JawaPos.com - Badan Pengelola Investasi Daya Anagata Nusantara (Danantara Indonesia) mendorong penguatan peran Data Service Indonesia (DSI) dalam memastikan integritas data dan transaksi ekspor nasional.
Penguatan tersebut mencakup verifikasi kuantitas, kualitas, klasifikasi barang, harga, hingga penyelesaian pembayaran dan repatriasi devisa.
CEO Danantara Indonesia Rosan P. Roeslani mengatakan, keberadaan DSI adalah untuk memastikan setiap transaksi ekspor memiliki dasar yang wajar, dapat ditelusuri, serta memberikan manfaat optimal bagi Indonesia.
“Bagi Danatara Indonesia, ini penting karena pengelolaan aset strategis tidak cukup berorientasi pada volume. Setiap transaksi harus memiliki dasar yang wajar, dapat ditelusuri, dan memberi manfaat sebesar-besarnya bagi Indonesia,” ujar Rosan dalam Peluncuran Babak Baru Tata Kelola Ekspor SDA, Jakarta, Senin (24/8).
Rosan mengatakan, implementasi DSI akan dilakukan secara secara bertahap, terukur, dan berbasis kesiapan agar arus perdagangan dan hubungan komersial yang sudah berjalan tidak terganggu.

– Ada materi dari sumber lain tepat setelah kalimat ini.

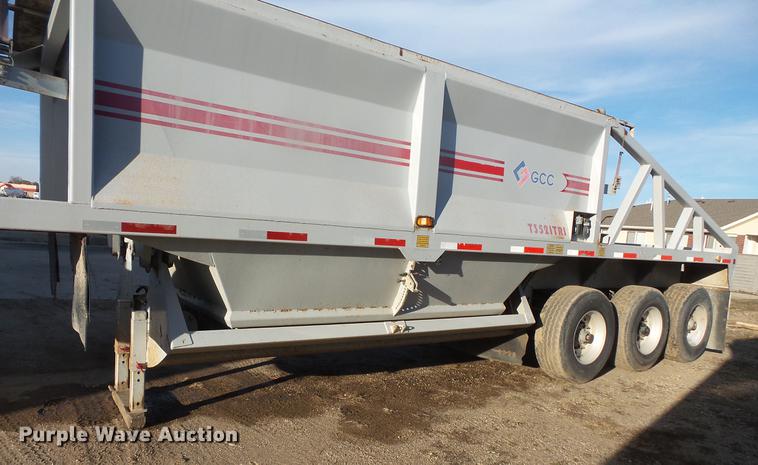 image for item DB8075 2007 R-way bottom dump trailer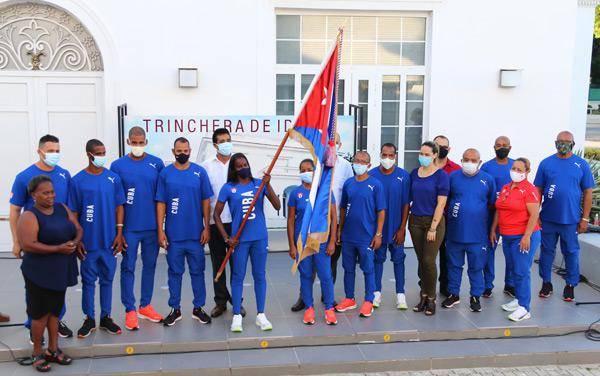 Abanderan delegación a mundial de atletismo para sordos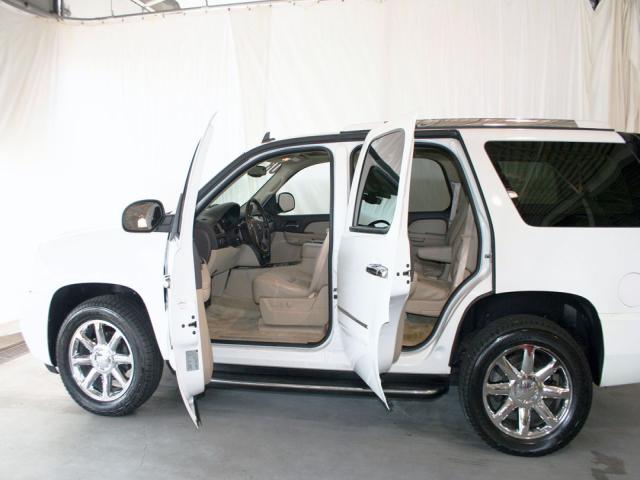 GMC Yukon 2008 photo 2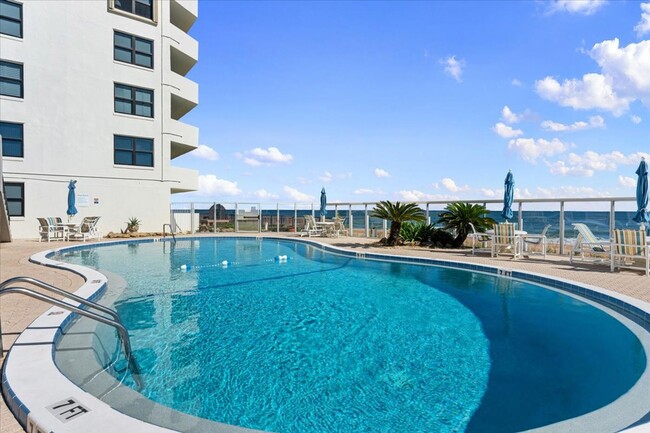 Building Photo - Beautiful 2bed 2bath Condo with stunning O...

Ia menyebut, Danantara memiliki harapan besar terhadap DSI untuk membangun institusi yang kredibel, profesional, dan terbuka. Integritas data serta proses menjadi salah satu aspek utama yang perlu dijaga.
Selain itu, DSI diharapkan mampu memberikan kepastian berusaha melalui proses yang profesional dan efisien bagi eksportir, pembeli, perbankan, maupun instansi terkait lainnya.
“Serta yang paling penting adalah menghadirkan nilai nyata bagi Indonesia, bukan hanya lewat transparansi tapi juga informasi yang lebih baik untuk pengambilan kebijakan dan penguatan posisi Indonesia di pasar global,” ujarnya.
Rosan menyebut, sinergi dengan kementerian dan lembaga diperlukan untuk mengintegrasikan berbagai sumber data sehingga proses pengambilan keputusan dapat dilakukan secara lebih baik dan terbuka.
Lanjutnya, implementasi DSI perlu dilakukan dengan tetap memperhatikan kelancaran aktivitas perdagangan yang telah berjalan.
"Tata kelola yang baik itu harus memperkuat kepercayaan, bukan menambah ketidakpastian," pungkasnya.